One thing it didn't do for me, however, was get me introduced to any girls. Too much of a Provo date scene, the Comedy Sportz. Plus, nothing's sexier than a funny guy. The guy who sat in the booth at the back and played Ben Folds off the top of his head in between scenes? Not so much.

The story I'm about to tell is the one exception.

-----------------------------------

The club is pretty full tonight. Full of young lovers and less young lovers, of awkward freshmen on first dates and established couples who sit with relaxed postures and embrace after each laugh with an intimacy that makes me wince in jealousy and frustration.

I'm flying solo again, as I usually do when I play. I'm allowed a cast comp every so often, and sometimes I manage to convince a girl or a friend (never a girlfriend) to tag along, the prospect of free comedy and a minimum of required interaction with me just tantalizing enough to make it worth the effort. It always ends up awkward, though; the friend-person has to sit by themselves as I do my music business, and then I have to bid them farewell as they leave before the late show begins, to get on with the real activities they have planned for their Friday or Saturday night, the stuff they actually wanted to do in the first place.

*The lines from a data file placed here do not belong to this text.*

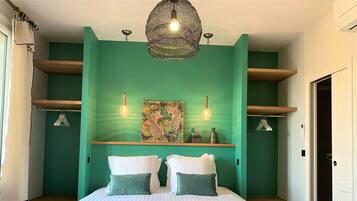 Un dormitorio con cama, dos almohadas, una lámpara colgante, una repisa con objetos decorativos y una puerta.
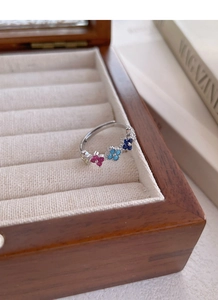Macro detail of S925 sterling silver ring featuring four multi-color clover accents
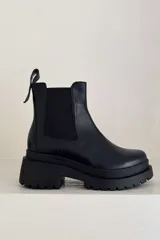 Botas Chelsea negras de cuero con plataforma track y elásticos laterales.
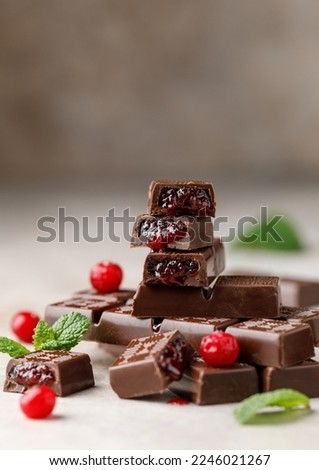 Chocolate bar with berry filling on white background. Stack of dark chocolate stuffed with berries. Chocolate concept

So yeah, most nights are like this one, with me sitting on a woefully unstable office chair in the raised sound booth at the back of the theater, the Yamaha keyboard with the worn buttons in front of me, the sound guy on my left blaring out catchy, inoffensive pop mixes through the less-than-ideal speaker system.

-----------------------------------

It's frustrating, the being alone, because despite the self-deprecation I'm feeling way more confident than usual. It's late summer, and I'm preparing for my freshman year at BYU, and the thought of starting a completely new experience, especially one where no one in my classes will know my name or my power-nerd background or my ridiculously stunted romantic encounters, is exhilarating. I've even developed something of a new look for myself: product-filled hair that I would later come to associate with J.D. from Scrubs; my favorite white and green ringer T-shirt with the hand-drawn logo on it; wraparound shades with yellow lenses that make me look somewhere between Bono and a downhill skier but that I somehow manage to pull off, even indoors. They're ludicrous affectations, all of them, but they're MY affectations, and the fact that I enjoy them imbues me with an energy I rarely find in myself, and I know I need to roll with it for as long as I can.

So with all this mojo working, I have no one to use it on, and this dampens my mood a little. But I know that soon the jokes will start flying, and I'll have opportunities to drop in bits of melody from whatever pop culture reference is made on stage (a feat that never fails to delight the actors in its off-the-cuff, by-ear alacrity), so I won't have too long to feel morose.

-----------------------------------

Near the end of the first half of the show, we catch each other looking.

She's with a group of girls, a last hurrah between friends or roommates before separating for the summer, perhaps. It's dark in the theater, but I can see her shoulder-length black hair tucked loosely behind her ears, and she has the kind of large dark eyes and open face that hold my attention.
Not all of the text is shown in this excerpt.